When an IPO is open for subscription, the BSE and NSE publish live subscription data multiple times a day. By the close of day 3, this data has historically been one of the strongest predictors of listing performance. Here is how to interpret it.
The Three Investor Categories
QIB (Qualified Institutional Buyers) — Mutual funds, FIIs, insurance companies. They do the deepest due diligence and are allocated 50% of the issue in Mainboard IPOs. Strong QIB subscription is the most bullish signal.
NII/HNI (Non-Institutional Investors / High Net Worth Individuals) — These are individuals applying for more than ₹2 lakh worth of shares. They receive 15% of the issue. NII subscription often runs extremely high (50x–300x) because HNIs take loans to bid, chasing allotment.
Retail Individual Investors (RII) — Investors applying for up to ₹2 lakh. They receive 35% of the issue. A 1x–3x retail subscription is normal; anything above 10x is strong.
Reading the Numbers
A total subscription of 10x means the IPO received bids for 10 times the shares available. The overall subscription combines all three categories weighted by their allocation. IPOLyst pulls this data from Groww and displays QIB, NII, Retail, and Total subscription for each IPO.
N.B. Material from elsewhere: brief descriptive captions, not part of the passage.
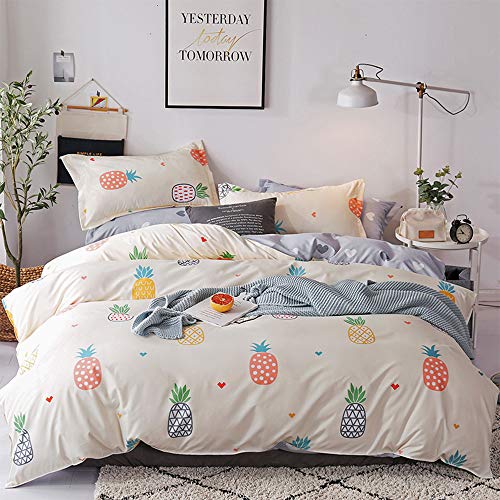 From Usa Lamejor Duvet Cover Set Qu End 4 9 2022 12 00 Am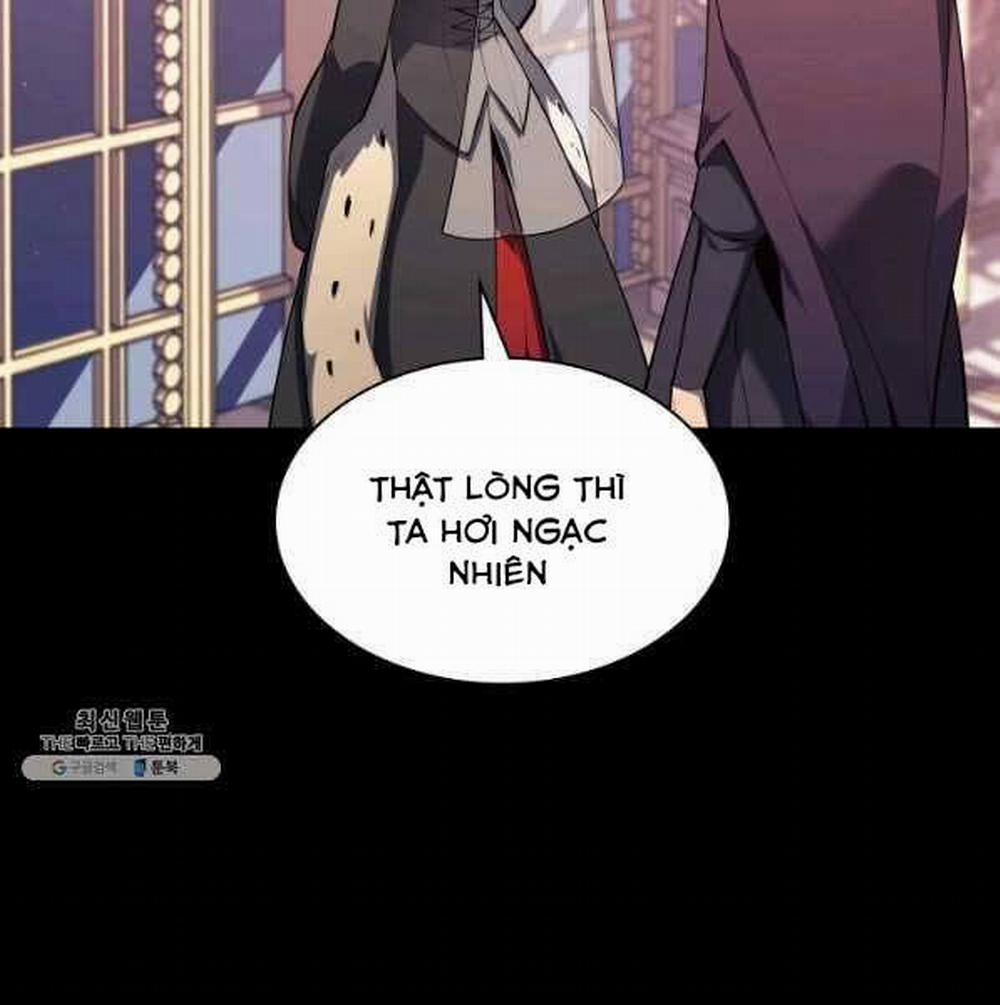 Thợ Rèn Huyền Thoại 140 trang 120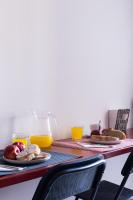 Jade Suite 4 - Bed and Breakfast Las Palmas de Gran Canaria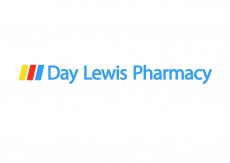 DAYLEWIS Master Logo Aligned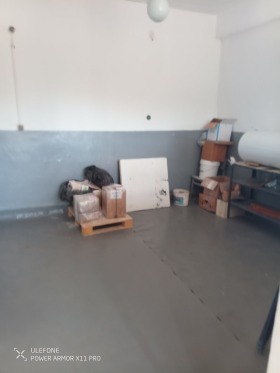���� ��� ���� ������������� ������ | Imot.bg � ����� ������ 9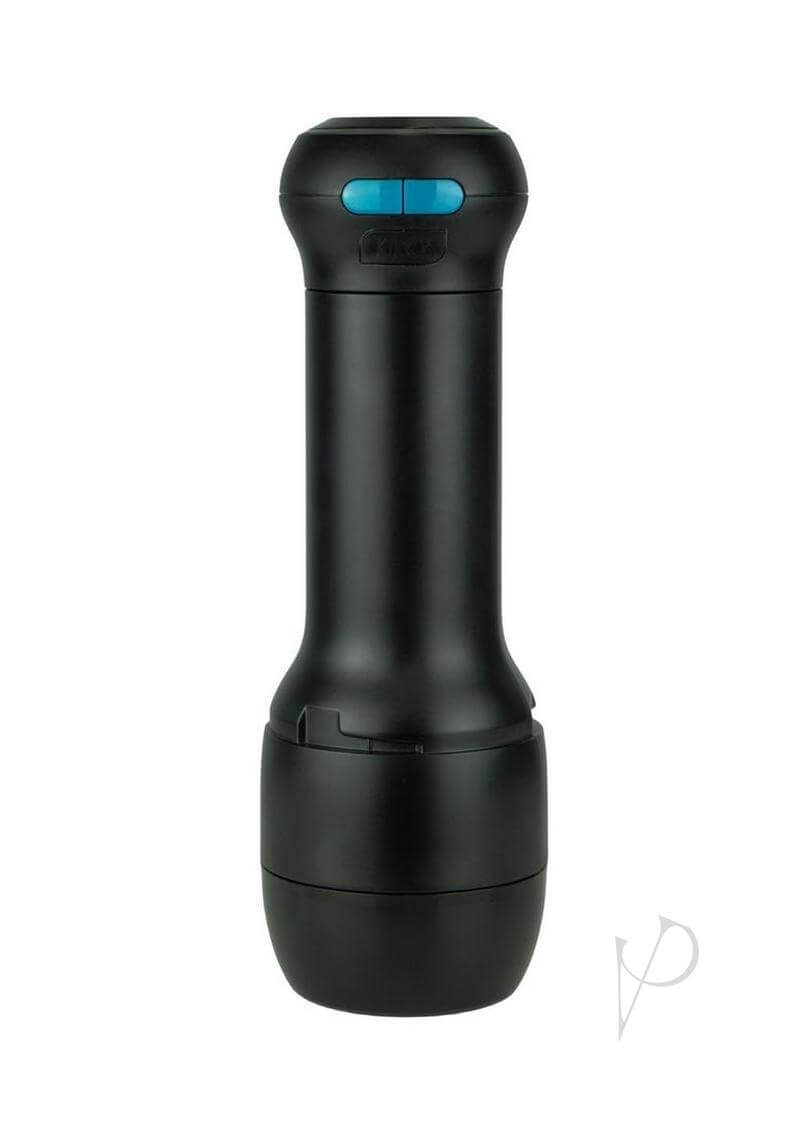 Kiiroo Control-3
What Numbers Suggest a Strong Listing?
- QIB > 20x: Institutional conviction — strongest signal
- Total > 30x: Very high demand across all categories
- Retail > 10x: Retail enthusiasm — tends to drive day-1 listing pop
The Allotment Probability
Higher subscription = lower allotment probability per application. For retail, SEBI mandates a lottery system when oversubscribed. At 30x retail subscription, each applicant has roughly 1-in-30 odds. Applying from multiple family member accounts (each with a separate PAN and Demat) is a legal way to improve combined odds.